KnowledgeBase Archive

An Archive of Early Microsoft KnowledgeBase Articles

View on GitHub

Q153094: Restoring Default Permissions to Windows NT System Files

Article: Q153094
Product(s): Microsoft Windows NT
Version(s): 3.5,3.51
Operating System(s): 
Keyword(s): kbother
Last Modified: 11-JUN-2002

-------------------------------------------------------------------------------
The information in this article applies to:

- Microsoft Windows NT Workstation versions 3.5, 3.51 
- Microsoft Windows NT Server versions 3.5, 3.51 
-------------------------------------------------------------------------------

IMPORTANT: This article contains information about modifying the registry. Before you modify the registry, make sure to back it up and make sure that you understand how to restore the registry if a problem occurs. For information about how to back up, restore, and edit the registry, click the following article number to view the article in the Microsoft Knowledge Base:

  Q256986 Description of the Microsoft Windows Registry

SUMMARY
=======

When an administrator attempts to secure the Microsoft Windows NT system by
changing the default Windows NT file system (NTFS) file and directory
permissions set up on the <%winnt_root%> and/or the default system
directories and subdirectories, some functions, such as users' ability to log on
to the network, may be impaired. In extreme cases the system may blue screen on
startup. If the system starts, the default permissions can be restored. If the
system blue screens, the original system can be restored by installing a second
copy of Windows NT.

MORE INFORMATION
================

WARNING: If you use Registry Editor incorrectly, you may cause serious problems
that may require you to reinstall your operating system. Microsoft cannot
guarantee that you can solve problems that result from using Registry Editor
incorrectly. Use Registry Editor at your own risk.

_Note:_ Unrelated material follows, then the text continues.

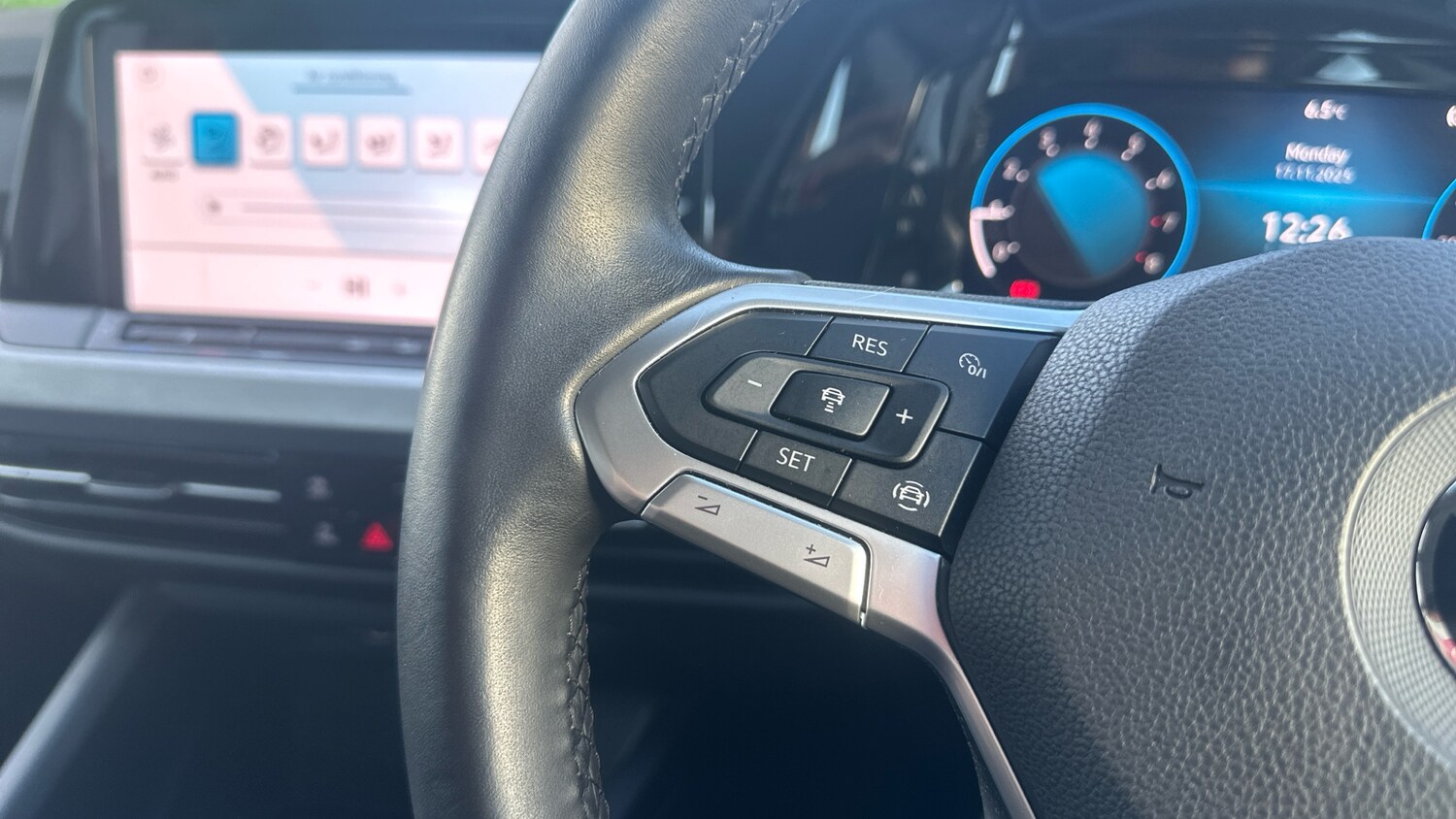 Used Volkswagen Golf 2020 for sale - 76541726: Photo 17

The following procedure does not work in Windows NT 4.0. For additional
information, click the article number below to view the article in the Microsoft
Knowledge Base:

  Q157963 Setacl.exe Not Available in Windows NT 4.0


If the System Starts
--------------------

Use the following procedures to restore the default permissions on the system
files in the <winnt_root> and all default subdirectories.

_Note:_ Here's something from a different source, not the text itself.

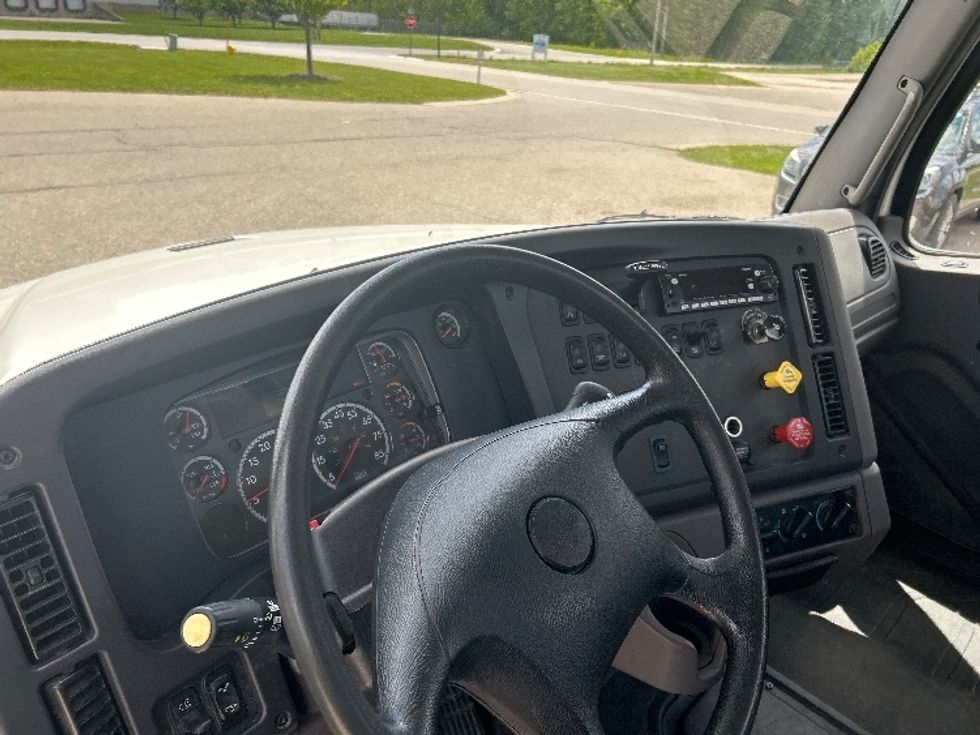 Day Cab Tractor-Heavy Duty Tractors-Freightliner-2023-M211242S-Holland-MI-146,213\n\t\tmiles-$ 66,250 - Image 10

1. Logon as administrator.

2. The built-in SYSTEM account needs access to the Windows NT default
  directories and subdirectories. To get this access, do the following:

  a. In File Manager use Security/Permissions to grant the SYSTEM account FULL
     CONTROL to the root directory of the NTFS volume that contains Windows NT.

  b. Next, either click to select the "Replace Permissions on Subdirectories"
     option, which gives SYSTEM access to the entire volume,

     -or-

     go to the system's root directory (typically, WINNT35) and give SYSTEM full
     control of that directory and all subdirectories. SYSTEM should always
     have full control of all system files.

3. Start Registry Editor (Regedt32.exe).

4. Go to the following registry location:

  HKEY_LOCAL_MACHINE\System\CurrentControlSet\Control\Session Manager

5. Double-click the value BootExecute.

6. Under BootExecute, you may find a few entries, such as:

  autocheck autochk *

  After any entries, add on a separate line:

  "setacl /a \DosDevices\<systemdrive>:\<winnt_root>
  \System32\winperms.txt \DosDevices\<systemdrive>:" (without the
  quotation marks)

  NOTE: This added entry should all be on the same line under the autocheck
  entry.

  Here <systemdrive> is the drive that Windows NT is installed on and
  <winnt_root> is the Windows NT root directory on that drive.

  After adding the change on a typical system, the BootExecute entry looks like
  this while in the reged32 multi-string editor:

  autocheck autochk *
  setacl /a \DosDevices\c:\winnt35\system32\winperms.txt \DosDevices\c:

7. Click OK to save the changes.

8. Exit the registry editor and restart the computer.

When the computer restarts, the system will set security on the system files just
as it does when converting from FAT to NTFS file systems.

No Additional file security needs to be placed on the Windows NT system files if
they are residing on NTFS. Any further restrictions may curtail the ability of
users to log on to the individual computer or the domain.

However, it is possible to restrict user access to system files. As long as the
SYSTEM account has full control of all system files, user access (usually
through the group EVERYONE) can be restricted.

NOTE: Microsoft recommends using the default permissions for Windows NT. Changing
these permissions may make it impossible for users to log on, print, access
logon scripts, or gain access to other necessary functions. As with using the
Registry Editor, make these changes at your own risk. Always have a recovery
plan in case you need to revert to a previous setup.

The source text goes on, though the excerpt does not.